In the new multi-year financial plan, cohesion stands at a crossroads: redistribution or growth?
The new European financial package shifts the focus from cohesion to competitiveness. But without growth, the gaps will widen once again. The real issue is not how much is spent: it is whether the policy that made the single market possible will be able to reinvent itself as a driver of development or whether it will be reduced to a mere handout for those left behind.
by Andrea Mairate* and Enrico Wolleb**
Key points
Negotiations on the 2028–2034 Multiannual Financial Framework have now entered the stage of discussing the figures. And this has brought an uncomfortable truth to the fore: discussing the size of the budget is now inseparable from deciding who will manage the resources for cohesion and those for competitiveness. It is there, rather than in the ceilings, that the future structure of the Union is measured: its internal cohesion and its geopolitical clout.
The Commission’s proposal, presented in July 2025, is worth approximately 1,763 billion euros at 2025 prices — 1.26 per cent of gross national income, which, however, includes a substantial allocation of 150 billion for interest on the debt incurred under the European Recovery and Resilience Plan — but it redesigns the budget’s structure. More than half of the budget is channelled into a single major heading that brings together cohesion, agriculture, social policies, migration and security (865 billion); on the other hand, there is a package comprising the new European Competitiveness Fund, with a budget of 450 billion, and the research and innovation programme (Horizon Europe), with a budget of 175 billion. Paradoxically, the Cypriot Presidency has proposed a 3.6 per cent cut to the resources allocated to competitiveness and research, whilst those allocated to national plans have remained almost unchanged.
This is not merely an accounting exercise: the allocation of the European budget’s resources conceals the most significant problem – one that the new package leaves unresolved. How can divergent objectives – international competitiveness and territorial cohesion – be reconciled, and with which institutions and instruments should the responsibilities for joint action be shared?
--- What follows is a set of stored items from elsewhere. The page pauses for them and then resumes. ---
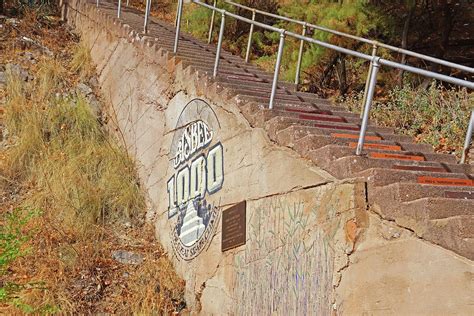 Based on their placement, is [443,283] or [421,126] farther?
[421,126]

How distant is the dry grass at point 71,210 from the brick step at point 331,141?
8.49 ft

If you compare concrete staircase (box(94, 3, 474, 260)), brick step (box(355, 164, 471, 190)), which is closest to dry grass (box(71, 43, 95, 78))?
concrete staircase (box(94, 3, 474, 260))

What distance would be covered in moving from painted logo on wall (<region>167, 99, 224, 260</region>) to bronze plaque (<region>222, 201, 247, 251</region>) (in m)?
0.27

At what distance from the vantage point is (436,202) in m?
3.58

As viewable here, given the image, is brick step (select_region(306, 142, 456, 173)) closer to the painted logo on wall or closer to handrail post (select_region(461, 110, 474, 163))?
handrail post (select_region(461, 110, 474, 163))

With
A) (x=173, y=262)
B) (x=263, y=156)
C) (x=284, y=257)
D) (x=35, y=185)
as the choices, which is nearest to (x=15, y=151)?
(x=35, y=185)

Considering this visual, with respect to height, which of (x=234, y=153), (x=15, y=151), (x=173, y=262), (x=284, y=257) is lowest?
(x=173, y=262)

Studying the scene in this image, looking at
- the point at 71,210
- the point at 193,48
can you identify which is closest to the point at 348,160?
the point at 71,210

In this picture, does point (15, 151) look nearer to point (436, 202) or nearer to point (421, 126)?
point (421, 126)

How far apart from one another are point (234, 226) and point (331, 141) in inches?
57.2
Lab24 / The European budget: a comparison of the three positions
The merits and limitations of cohesion policy
In a changed geopolitical landscape, the Union has found itself slow, weak and unprepared, lacking the tools to act promptly, and weighed down by a burden of institutional and budgetary reforms that have never been implemented. Hence the shift: after five decades in which cohesion was central, the new framework introduces competitiveness — research and critical investments — with a financial allocation that remains substantial, thanks to the leverage effect on private capital. The underlying assumption is that the single market is no longer sufficient, and that an aggressive industrial policy in critical sectors, accompanied by greater investment, is indispensable for the Union’s growth: a necessary condition, in turn, for territorial and social cohesion as well.